> **Exercise requirements**: Whenever a line in the data holds the string "Golden", pull that line out.

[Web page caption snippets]
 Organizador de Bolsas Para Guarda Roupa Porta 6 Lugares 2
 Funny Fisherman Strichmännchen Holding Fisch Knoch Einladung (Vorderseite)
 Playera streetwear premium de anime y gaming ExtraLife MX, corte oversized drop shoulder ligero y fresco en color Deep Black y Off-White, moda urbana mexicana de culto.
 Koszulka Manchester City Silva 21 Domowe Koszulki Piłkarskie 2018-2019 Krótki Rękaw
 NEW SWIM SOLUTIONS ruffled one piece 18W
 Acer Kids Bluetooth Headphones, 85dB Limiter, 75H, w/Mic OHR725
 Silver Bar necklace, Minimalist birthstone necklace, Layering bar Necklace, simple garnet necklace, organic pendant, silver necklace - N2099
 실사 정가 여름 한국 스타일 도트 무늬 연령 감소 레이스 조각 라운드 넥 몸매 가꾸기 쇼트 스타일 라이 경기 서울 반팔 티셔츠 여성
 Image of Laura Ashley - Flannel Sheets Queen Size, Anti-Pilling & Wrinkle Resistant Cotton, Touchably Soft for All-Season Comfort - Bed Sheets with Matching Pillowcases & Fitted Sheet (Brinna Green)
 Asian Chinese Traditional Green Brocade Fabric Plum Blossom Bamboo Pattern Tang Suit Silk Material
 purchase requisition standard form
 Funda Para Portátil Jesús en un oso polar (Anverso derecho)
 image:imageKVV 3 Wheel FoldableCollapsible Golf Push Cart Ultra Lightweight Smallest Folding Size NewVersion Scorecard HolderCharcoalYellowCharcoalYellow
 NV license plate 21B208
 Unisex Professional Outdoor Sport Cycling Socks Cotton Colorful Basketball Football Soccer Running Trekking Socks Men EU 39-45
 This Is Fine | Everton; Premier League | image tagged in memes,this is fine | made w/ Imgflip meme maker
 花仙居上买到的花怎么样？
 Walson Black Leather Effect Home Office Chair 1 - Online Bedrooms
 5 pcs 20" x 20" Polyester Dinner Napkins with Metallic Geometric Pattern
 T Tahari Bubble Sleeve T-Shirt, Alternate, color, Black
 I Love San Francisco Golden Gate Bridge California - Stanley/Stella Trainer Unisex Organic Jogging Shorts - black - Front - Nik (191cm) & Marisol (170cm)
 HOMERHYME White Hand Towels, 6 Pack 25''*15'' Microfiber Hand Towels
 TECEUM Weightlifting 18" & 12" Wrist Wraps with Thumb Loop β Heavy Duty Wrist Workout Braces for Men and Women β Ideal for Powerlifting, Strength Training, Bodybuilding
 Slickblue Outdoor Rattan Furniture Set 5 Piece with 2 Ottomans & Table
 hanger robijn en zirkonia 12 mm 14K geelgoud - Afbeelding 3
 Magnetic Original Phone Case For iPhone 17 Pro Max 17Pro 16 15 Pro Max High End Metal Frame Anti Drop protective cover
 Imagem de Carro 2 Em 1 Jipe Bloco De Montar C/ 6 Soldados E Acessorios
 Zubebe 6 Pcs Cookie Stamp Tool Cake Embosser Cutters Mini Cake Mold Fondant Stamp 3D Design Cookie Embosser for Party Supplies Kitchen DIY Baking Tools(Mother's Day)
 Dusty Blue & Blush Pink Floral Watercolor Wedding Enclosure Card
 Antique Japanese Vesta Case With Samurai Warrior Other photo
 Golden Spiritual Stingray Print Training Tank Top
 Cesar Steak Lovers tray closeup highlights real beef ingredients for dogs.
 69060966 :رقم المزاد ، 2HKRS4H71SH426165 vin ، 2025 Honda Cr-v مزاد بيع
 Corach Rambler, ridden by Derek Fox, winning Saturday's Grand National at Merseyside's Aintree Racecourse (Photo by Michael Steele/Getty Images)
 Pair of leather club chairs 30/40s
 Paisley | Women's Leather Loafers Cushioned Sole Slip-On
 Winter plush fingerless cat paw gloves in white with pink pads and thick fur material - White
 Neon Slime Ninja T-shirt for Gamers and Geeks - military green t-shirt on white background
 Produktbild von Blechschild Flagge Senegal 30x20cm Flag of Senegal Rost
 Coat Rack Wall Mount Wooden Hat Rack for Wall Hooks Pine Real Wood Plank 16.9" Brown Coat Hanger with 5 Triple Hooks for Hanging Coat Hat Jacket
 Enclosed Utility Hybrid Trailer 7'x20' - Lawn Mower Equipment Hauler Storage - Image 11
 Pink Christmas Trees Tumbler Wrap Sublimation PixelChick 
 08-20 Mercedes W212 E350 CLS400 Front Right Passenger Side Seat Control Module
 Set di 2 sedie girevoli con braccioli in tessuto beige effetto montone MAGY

> **Result**:
 I Love San Francisco Golden Gate Bridge California - Stanley/Stella Trainer Unisex Organic Jogging Shorts - black - Front - Nik (191cm) & Marisol (170cm)
 Golden Spiritual Stingray Print Training Tank Top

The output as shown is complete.